■ **What needs to be done**: Transcribe the data. Leave out nothing.
BEGIN Entries provided
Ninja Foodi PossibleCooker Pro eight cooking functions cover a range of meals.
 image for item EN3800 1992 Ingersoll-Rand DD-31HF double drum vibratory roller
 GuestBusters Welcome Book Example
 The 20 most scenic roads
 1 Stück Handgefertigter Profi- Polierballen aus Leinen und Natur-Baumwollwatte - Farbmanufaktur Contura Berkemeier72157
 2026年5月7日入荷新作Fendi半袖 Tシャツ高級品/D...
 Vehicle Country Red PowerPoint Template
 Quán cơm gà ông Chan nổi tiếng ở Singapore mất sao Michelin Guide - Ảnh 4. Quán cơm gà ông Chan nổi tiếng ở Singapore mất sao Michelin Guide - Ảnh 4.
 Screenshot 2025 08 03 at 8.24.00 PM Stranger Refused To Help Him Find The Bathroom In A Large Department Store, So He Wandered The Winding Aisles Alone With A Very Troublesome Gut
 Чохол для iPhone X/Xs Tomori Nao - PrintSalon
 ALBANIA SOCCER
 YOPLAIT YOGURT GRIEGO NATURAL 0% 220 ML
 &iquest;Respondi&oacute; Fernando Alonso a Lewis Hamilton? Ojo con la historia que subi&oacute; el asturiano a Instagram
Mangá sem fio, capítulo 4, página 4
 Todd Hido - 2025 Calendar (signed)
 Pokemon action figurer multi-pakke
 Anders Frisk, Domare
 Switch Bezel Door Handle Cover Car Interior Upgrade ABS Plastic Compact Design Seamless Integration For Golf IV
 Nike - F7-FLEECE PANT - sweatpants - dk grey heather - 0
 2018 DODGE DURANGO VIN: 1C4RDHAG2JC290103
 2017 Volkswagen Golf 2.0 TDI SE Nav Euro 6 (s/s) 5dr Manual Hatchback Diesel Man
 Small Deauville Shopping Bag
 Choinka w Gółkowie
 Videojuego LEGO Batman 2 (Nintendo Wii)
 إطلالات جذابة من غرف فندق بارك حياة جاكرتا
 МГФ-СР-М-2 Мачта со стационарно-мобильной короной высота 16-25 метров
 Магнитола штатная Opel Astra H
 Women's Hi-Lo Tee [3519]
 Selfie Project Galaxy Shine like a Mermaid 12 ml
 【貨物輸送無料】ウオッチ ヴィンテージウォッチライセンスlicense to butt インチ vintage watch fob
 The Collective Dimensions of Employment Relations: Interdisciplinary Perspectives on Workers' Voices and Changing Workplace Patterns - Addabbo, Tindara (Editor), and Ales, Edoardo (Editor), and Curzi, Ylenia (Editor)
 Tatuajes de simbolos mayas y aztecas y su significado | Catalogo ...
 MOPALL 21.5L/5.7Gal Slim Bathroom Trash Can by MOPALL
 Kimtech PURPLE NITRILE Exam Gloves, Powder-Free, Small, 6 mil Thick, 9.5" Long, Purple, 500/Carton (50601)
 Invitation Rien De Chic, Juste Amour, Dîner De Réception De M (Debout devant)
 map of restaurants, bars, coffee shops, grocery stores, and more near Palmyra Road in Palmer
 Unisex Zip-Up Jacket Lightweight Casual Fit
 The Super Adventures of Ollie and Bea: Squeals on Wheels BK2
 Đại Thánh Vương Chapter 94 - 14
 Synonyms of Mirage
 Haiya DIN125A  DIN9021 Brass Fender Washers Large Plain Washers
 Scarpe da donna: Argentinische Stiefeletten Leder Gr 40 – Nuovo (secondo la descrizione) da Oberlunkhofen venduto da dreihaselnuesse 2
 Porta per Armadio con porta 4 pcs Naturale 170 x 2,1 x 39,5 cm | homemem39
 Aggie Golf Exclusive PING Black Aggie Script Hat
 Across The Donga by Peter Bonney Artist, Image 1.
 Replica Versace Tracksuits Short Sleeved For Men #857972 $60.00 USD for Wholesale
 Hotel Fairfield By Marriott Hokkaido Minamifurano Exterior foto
END Entries provided
■ **Problem solution**:
Ninja Foodi PossibleCooker Pro eight cooking functions cover a range of meals.
 image for item EN3800 1992 Ingersoll-Rand DD-31HF double drum vibratory roller
 GuestBusters Welcome Book Example
 The 20 most scenic roads
 1 Stück Handgefertigter Profi- Polierballen aus Leinen und Natur-Baumwollwatte - Farbmanufaktur Contura Berkemeier72157
 2026年5月7日入荷新作Fendi半袖 Tシャツ高級品/D...
 Vehicle Country Red PowerPoint Template
 Quán cơm gà ông Chan nổi tiếng ở Singapore mất sao Michelin Guide - Ảnh 4. Quán cơm gà ông Chan nổi tiếng ở Singapore mất sao Michelin Guide - Ảnh 4.
 Screenshot 2025 08 03 at 8.24.00 PM Stranger Refused To Help Him Find The Bathroom In A Large Department Store, So He Wandered The Winding Aisles Alone With A Very Troublesome Gut
 Чохол для iPhone X/Xs Tomori Nao - PrintSalon
 ALBANIA SOCCER
 YOPLAIT YOGURT GRIEGO NATURAL 0% 220 ML
 &iquest;Respondi&oacute; Fernando Alonso a Lewis Hamilton? Ojo con la historia que subi&oacute; el asturiano a Instagram
Mangá sem fio, capítulo 4, página 4
 Todd Hido - 2025 Calendar (signed)
 Pokemon action figurer multi-pakke
 Anders Frisk, Domare
 Switch Bezel Door Handle Cover Car Interior Upgrade ABS Plastic Compact Design Seamless Integration For Golf IV
 Nike - F7-FLEECE PANT - sweatpants - dk grey heather - 0
 2018 DODGE DURANGO VIN: 1C4RDHAG2JC290103
 2017 Volkswagen Golf 2.0 TDI SE Nav Euro 6 (s/s) 5dr Manual Hatchback Diesel Man
 Small Deauville Shopping Bag
 Choinka w Gółkowie
 Videojuego LEGO Batman 2 (Nintendo Wii)
 إطلالات جذابة من غرف فندق بارك حياة جاكرتا
 МГФ-СР-М-2 Мачта со стационарно-мобильной короной высота 16-25 метров
 Магнитола штатная Opel Astra H
 Women's Hi-Lo Tee [3519]
 Selfie Project Galaxy Shine like a Mermaid 12 ml
 【貨物輸送無料】ウオッチ ヴィンテージウォッチライセンスlicense to butt インチ vintage watch fob
 The Collective Dimensions of Employment Relations: Interdisciplinary Perspectives on Workers' Voices and Changing Workplace Patterns - Addabbo, Tindara (Editor), and Ales, Edoardo (Editor), and Curzi, Ylenia (Editor)
 Tatuajes de simbolos mayas y aztecas y su significado | Catalogo ...
 MOPALL 21.5L/5.7Gal Slim Bathroom Trash Can by MOPALL
 Kimtech PURPLE NITRILE Exam Gloves, Powder-Free, Small, 6 mil Thick, 9.5" Long, Purple, 500/Carton (50601)
 Invitation Rien De Chic, Juste Amour, Dîner De Réception De M (Debout devant)
 map of restaurants, bars, coffee shops, grocery stores, and more near Palmyra Road in Palmer
 Unisex Zip-Up Jacket Lightweight Casual Fit
 The Super Adventures of Ollie and Bea: Squeals on Wheels BK2
 Đại Thánh Vương Chapter 94 - 14
 Synonyms of Mirage
 Haiya DIN125A  DIN9021 Brass Fender Washers Large Plain Washers
 Scarpe da donna: Argentinische Stiefeletten Leder Gr 40 – Nuovo (secondo la descrizione) da Oberlunkhofen venduto da dreihaselnuesse 2
 Porta per Armadio con porta 4 pcs Naturale 170 x 2,1 x 39,5 cm | homemem39
 Aggie Golf Exclusive PING Black Aggie Script Hat
 Across The Donga by Peter Bonney Artist, Image 1.
 Replica Versace Tracksuits Short Sleeved For Men #857972 $60.00 USD for Wholesale
 Hotel Fairfield By Marriott Hokkaido Minamifurano Exterior foto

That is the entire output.